● Exercise: Produce one exact copy of the records, no pictures.

(Short text fragments from websites)
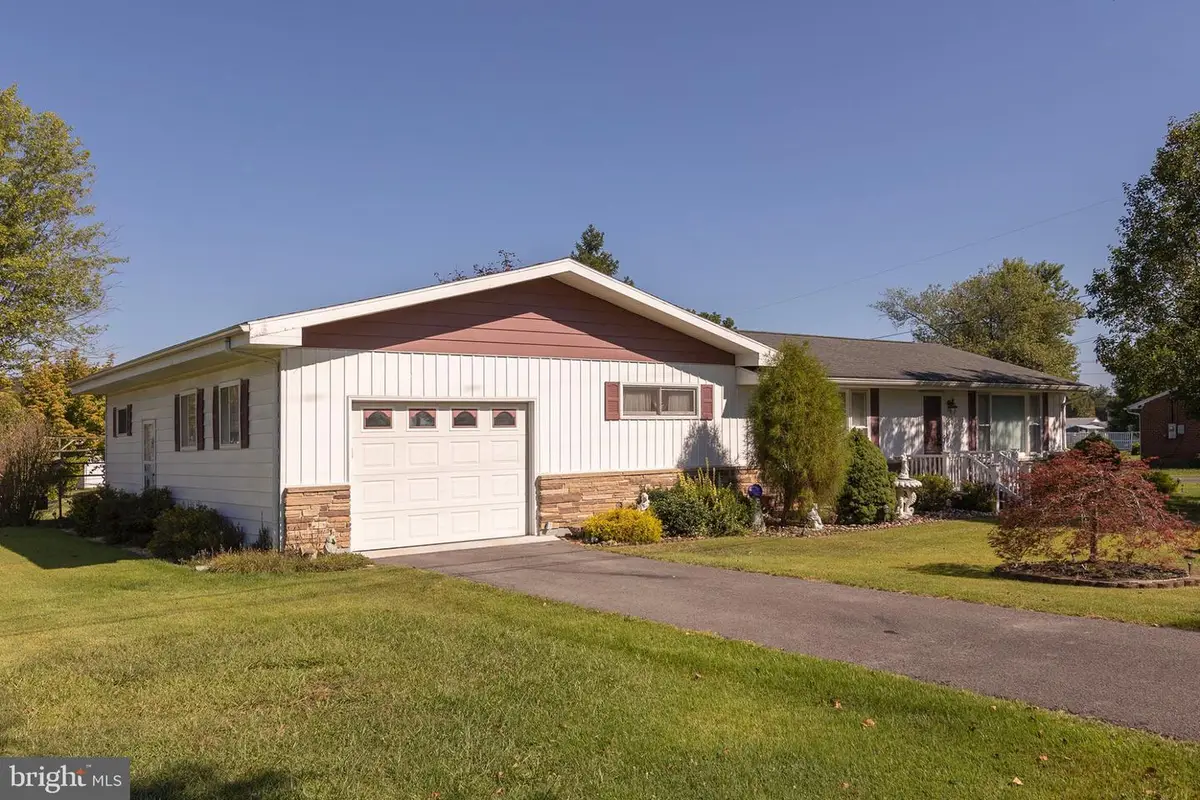 96 Old Carol Ln, Fort Ashby, WV 26719 - #1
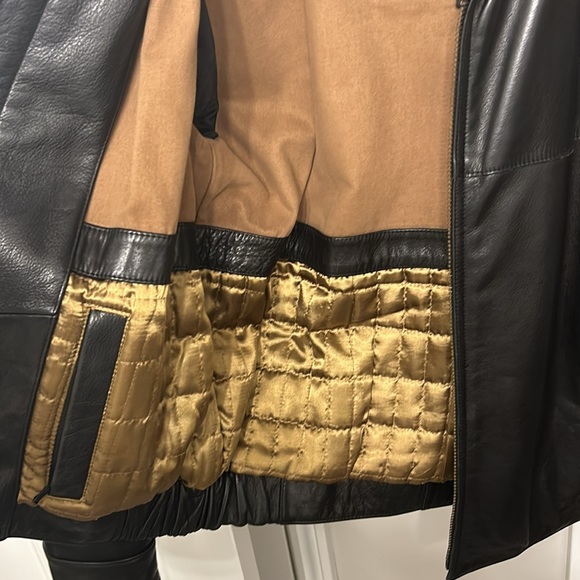 Excellent Condition Vintage Early 2000s Andrew Marc Leather Jacket! - Picture 2 of 6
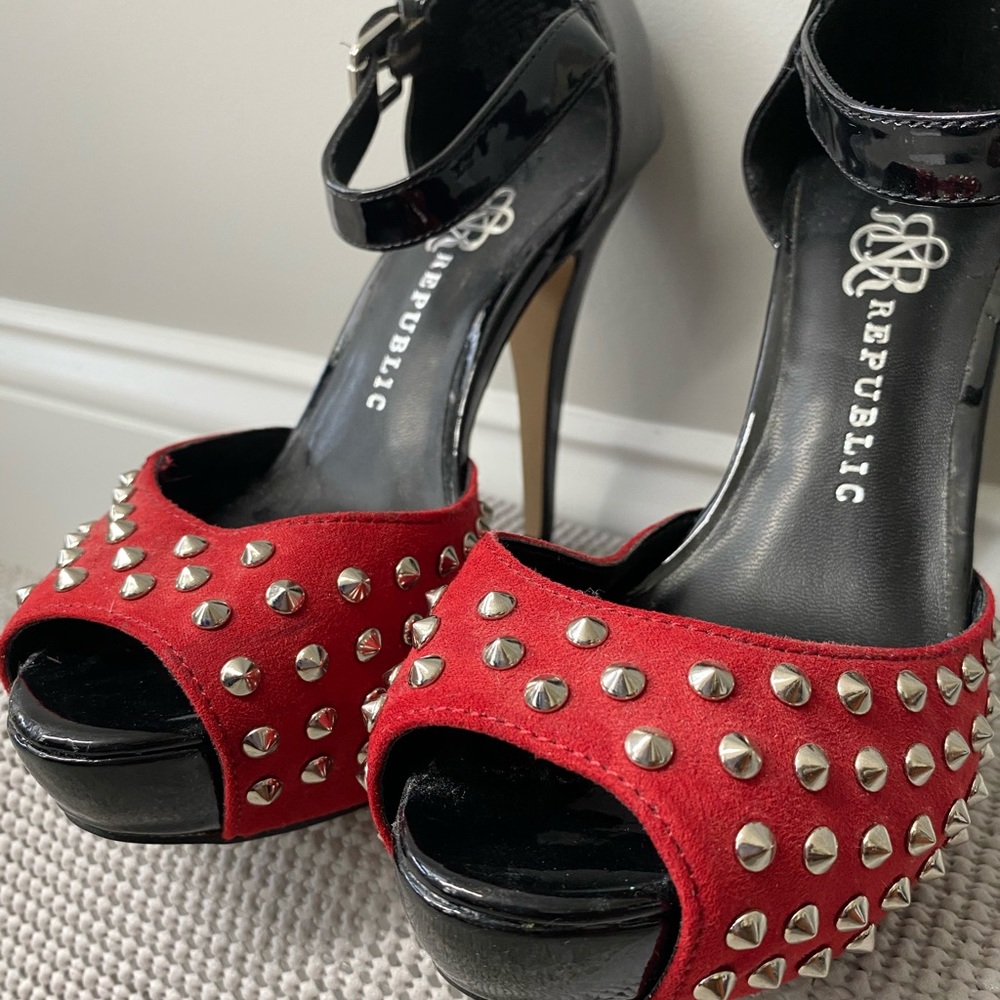 Rock & Republic Red and Black Heels with Silver
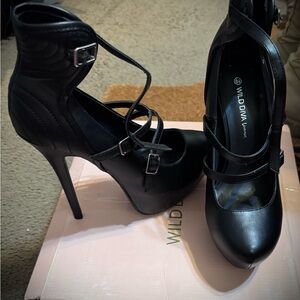 Wild Diva Black Strappy Heels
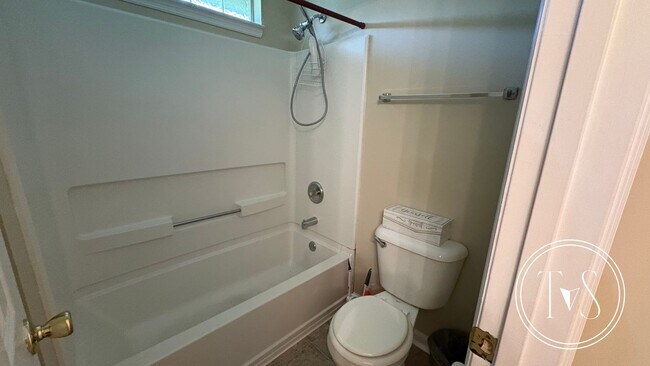 Building Photo - RATE DROP ALERT (was $$2600/month) and FAL...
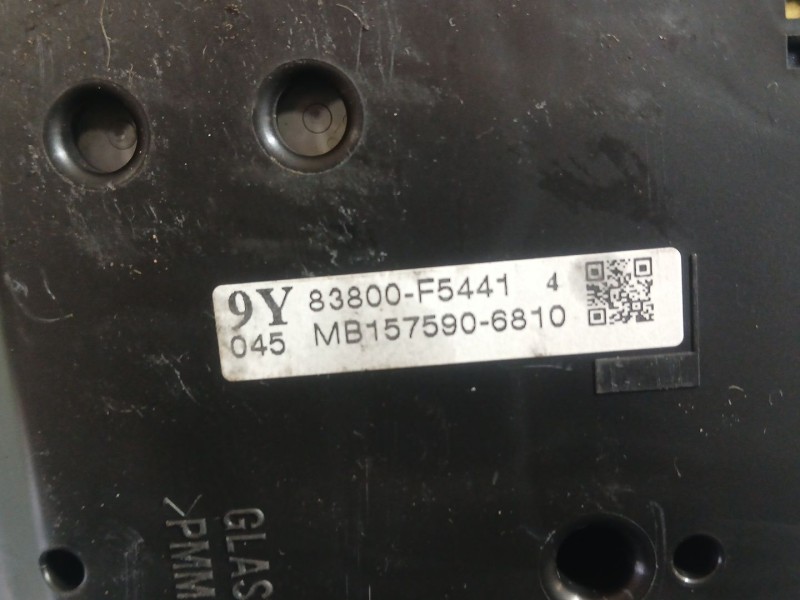 Recambio de cuadro instrumentos para toyota yaris (_p13_) 1.5 hybrid (nhp130_) referencia OEM IAM 553030D150C1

● Exercise result:
 96 Old Carol Ln, Fort Ashby, WV 26719 - #1
 Excellent Condition Vintage Early 2000s Andrew Marc Leather Jacket! - Picture 2 of 6
 Rock & Republic Red and Black Heels with Silver
 Wild Diva Black Strappy Heels
 Building Photo - RATE DROP ALERT (was $$2600/month) and FAL...
 Recambio de cuadro instrumentos para toyota yaris (_p13_) 1.5 hybrid (nhp130_) referencia OEM IAM 553030D150C1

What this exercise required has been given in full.